Task requirements:
Exclude the pictures, then repeat the remaining data exactly.
━━━ Recorded information ━━━
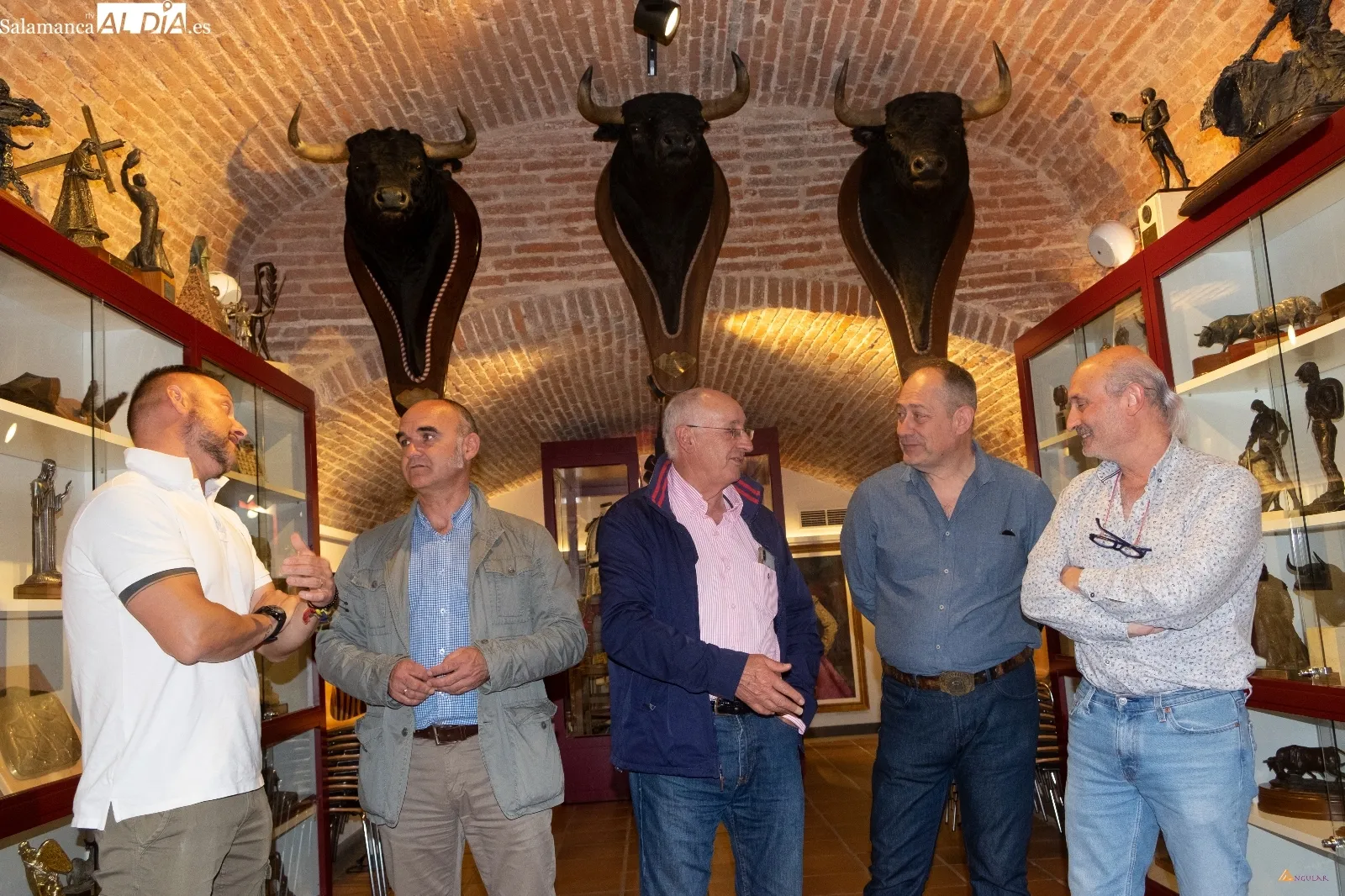 Antonio Frías junto a parte de su nueva junta directiva en el Museo Taurino. | Fotos: Pablo Angular
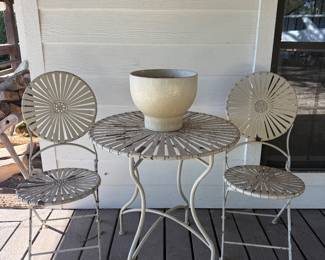 Vintage metal outdoor table and chairs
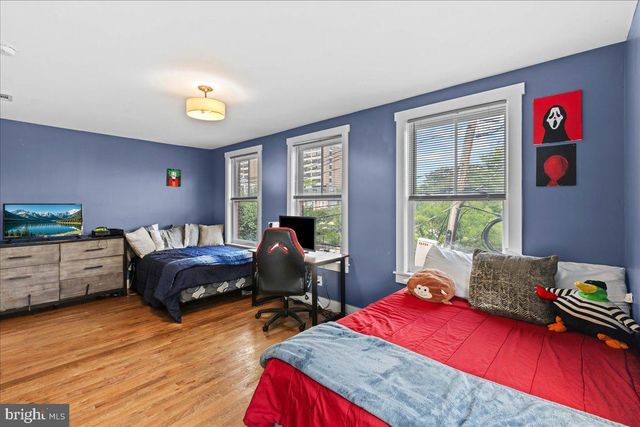425 S 6TH ST, Camden, NJ 08103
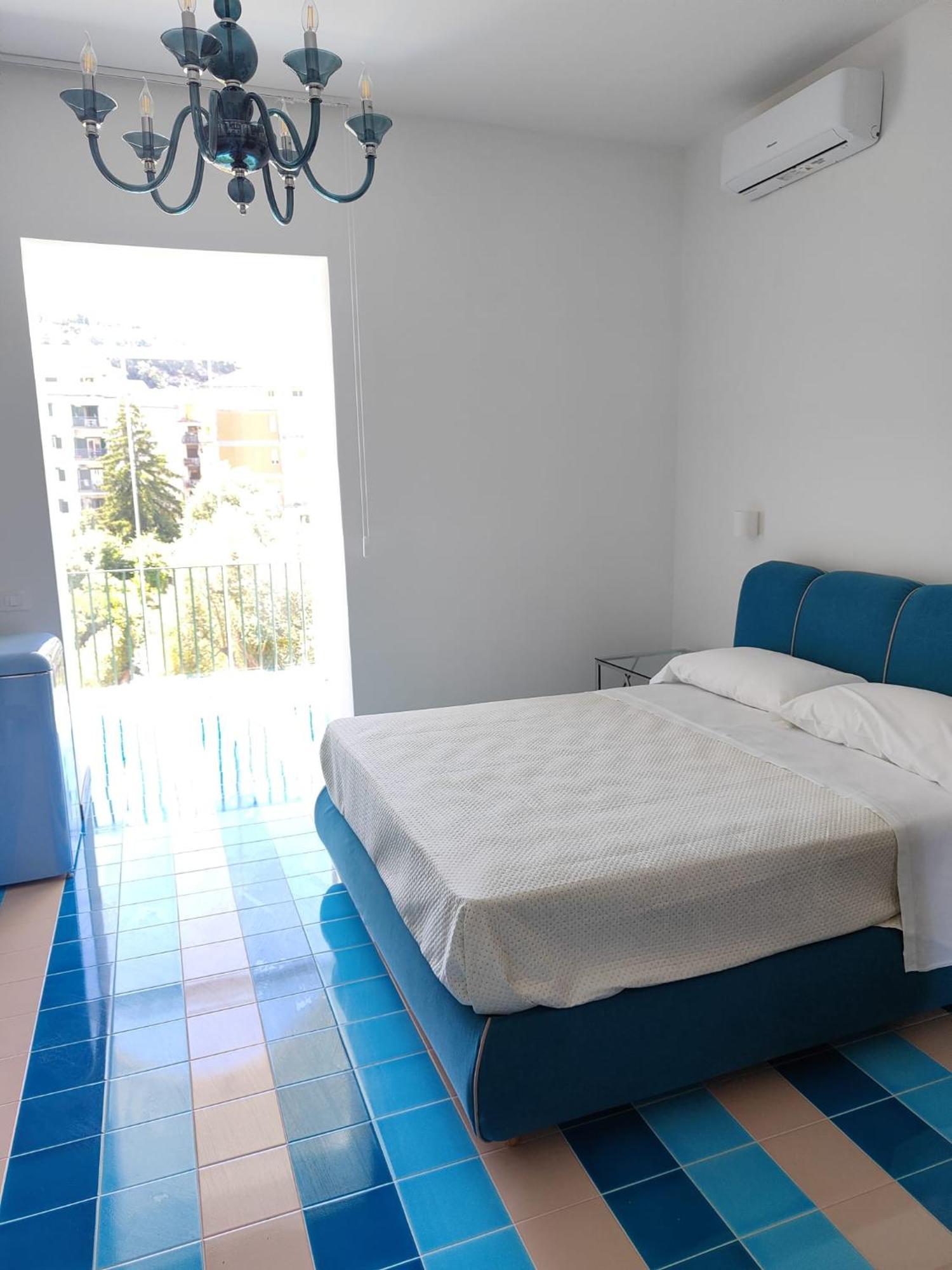 Casa Enzina Hotel Sorrento Luaran gambar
━━━
Answer box:
 Antonio Frías junto a parte de su nueva junta directiva en el Museo Taurino. | Fotos: Pablo Angular
 Vintage metal outdoor table and chairs
425 S 6TH ST, Camden, NJ 08103
 Casa Enzina Hotel Sorrento Luaran gambar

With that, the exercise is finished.